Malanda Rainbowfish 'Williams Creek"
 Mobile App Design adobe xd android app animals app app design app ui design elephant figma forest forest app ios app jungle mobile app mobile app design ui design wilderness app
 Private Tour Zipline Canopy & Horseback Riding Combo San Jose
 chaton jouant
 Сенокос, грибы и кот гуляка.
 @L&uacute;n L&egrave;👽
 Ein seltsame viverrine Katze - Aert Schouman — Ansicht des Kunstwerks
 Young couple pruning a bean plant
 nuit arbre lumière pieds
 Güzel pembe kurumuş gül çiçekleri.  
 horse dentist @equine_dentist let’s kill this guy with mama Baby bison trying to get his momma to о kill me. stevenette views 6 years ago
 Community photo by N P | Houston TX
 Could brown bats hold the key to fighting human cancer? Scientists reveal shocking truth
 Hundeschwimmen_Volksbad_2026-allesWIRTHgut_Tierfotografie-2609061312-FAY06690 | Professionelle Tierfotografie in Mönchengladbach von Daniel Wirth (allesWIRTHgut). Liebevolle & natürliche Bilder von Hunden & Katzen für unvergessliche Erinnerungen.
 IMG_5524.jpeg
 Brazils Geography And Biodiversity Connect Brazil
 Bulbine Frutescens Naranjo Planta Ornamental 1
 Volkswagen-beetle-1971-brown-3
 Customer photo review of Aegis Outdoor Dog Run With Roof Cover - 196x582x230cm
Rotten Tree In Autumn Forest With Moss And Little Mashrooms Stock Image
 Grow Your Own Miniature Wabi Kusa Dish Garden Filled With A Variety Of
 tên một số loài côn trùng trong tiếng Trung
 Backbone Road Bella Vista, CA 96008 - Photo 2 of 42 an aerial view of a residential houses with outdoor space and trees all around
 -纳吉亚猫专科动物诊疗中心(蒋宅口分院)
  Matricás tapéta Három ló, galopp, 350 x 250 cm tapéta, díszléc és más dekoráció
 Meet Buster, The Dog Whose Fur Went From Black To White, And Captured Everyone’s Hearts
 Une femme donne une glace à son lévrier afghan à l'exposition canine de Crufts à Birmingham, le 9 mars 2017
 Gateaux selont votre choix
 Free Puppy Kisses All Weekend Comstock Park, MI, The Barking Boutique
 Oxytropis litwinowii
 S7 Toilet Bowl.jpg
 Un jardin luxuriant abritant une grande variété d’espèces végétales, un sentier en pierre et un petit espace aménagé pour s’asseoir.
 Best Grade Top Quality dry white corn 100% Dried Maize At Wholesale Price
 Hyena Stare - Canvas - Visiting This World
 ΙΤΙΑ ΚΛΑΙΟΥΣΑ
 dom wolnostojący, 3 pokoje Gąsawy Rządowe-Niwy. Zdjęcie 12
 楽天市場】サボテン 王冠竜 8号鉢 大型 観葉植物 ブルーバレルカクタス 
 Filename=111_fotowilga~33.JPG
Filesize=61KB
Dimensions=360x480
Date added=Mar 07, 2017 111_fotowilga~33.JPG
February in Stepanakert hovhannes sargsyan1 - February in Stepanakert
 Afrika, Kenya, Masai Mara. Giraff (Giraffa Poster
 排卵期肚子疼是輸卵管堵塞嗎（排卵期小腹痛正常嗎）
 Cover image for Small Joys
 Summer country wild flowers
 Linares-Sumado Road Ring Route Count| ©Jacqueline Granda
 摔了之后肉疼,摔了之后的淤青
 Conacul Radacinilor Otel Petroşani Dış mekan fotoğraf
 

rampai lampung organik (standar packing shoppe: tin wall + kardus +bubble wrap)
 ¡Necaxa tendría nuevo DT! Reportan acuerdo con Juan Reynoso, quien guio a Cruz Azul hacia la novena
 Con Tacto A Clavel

—————

*Task instructions*. Give back exactly the lines above starting at the line where "Could brown bats" appears and ending at the line where "Afrika, Kenya, Masai" appears, both included, with no other lines.

*Response area*.
 Could brown bats hold the key to fighting human cancer? Scientists reveal shocking truth
 Hundeschwimmen_Volksbad_2026-allesWIRTHgut_Tierfotografie-2609061312-FAY06690 | Professionelle Tierfotografie in Mönchengladbach von Daniel Wirth (allesWIRTHgut). Liebevolle & natürliche Bilder von Hunden & Katzen für unvergessliche Erinnerungen.
 IMG_5524.jpeg
 Brazils Geography And Biodiversity Connect Brazil
 Bulbine Frutescens Naranjo Planta Ornamental 1
 Volkswagen-beetle-1971-brown-3
 Customer photo review of Aegis Outdoor Dog Run With Roof Cover - 196x582x230cm
Rotten Tree In Autumn Forest With Moss And Little Mashrooms Stock Image
 Grow Your Own Miniature Wabi Kusa Dish Garden Filled With A Variety Of
 tên một số loài côn trùng trong tiếng Trung
 Backbone Road Bella Vista, CA 96008 - Photo 2 of 42 an aerial view of a residential houses with outdoor space and trees all around
 -纳吉亚猫专科动物诊疗中心(蒋宅口分院)
  Matricás tapéta Három ló, galopp, 350 x 250 cm tapéta, díszléc és más dekoráció
 Meet Buster, The Dog Whose Fur Went From Black To White, And Captured Everyone’s Hearts
 Une femme donne une glace à son lévrier afghan à l'exposition canine de Crufts à Birmingham, le 9 mars 2017
 Gateaux selont votre choix
 Free Puppy Kisses All Weekend Comstock Park, MI, The Barking Boutique
 Oxytropis litwinowii
 S7 Toilet Bowl.jpg
 Un jardin luxuriant abritant une grande variété d’espèces végétales, un sentier en pierre et un petit espace aménagé pour s’asseoir.
 Best Grade Top Quality dry white corn 100% Dried Maize At Wholesale Price
 Hyena Stare - Canvas - Visiting This World
 ΙΤΙΑ ΚΛΑΙΟΥΣΑ
 dom wolnostojący, 3 pokoje Gąsawy Rządowe-Niwy. Zdjęcie 12
 楽天市場】サボテン 王冠竜 8号鉢 大型 観葉植物 ブルーバレルカクタス 
 Filename=111_fotowilga~33.JPG
Filesize=61KB
Dimensions=360x480
Date added=Mar 07, 2017 111_fotowilga~33.JPG
February in Stepanakert hovhannes sargsyan1 - February in Stepanakert
 Afrika, Kenya, Masai Mara. Giraff (Giraffa Poster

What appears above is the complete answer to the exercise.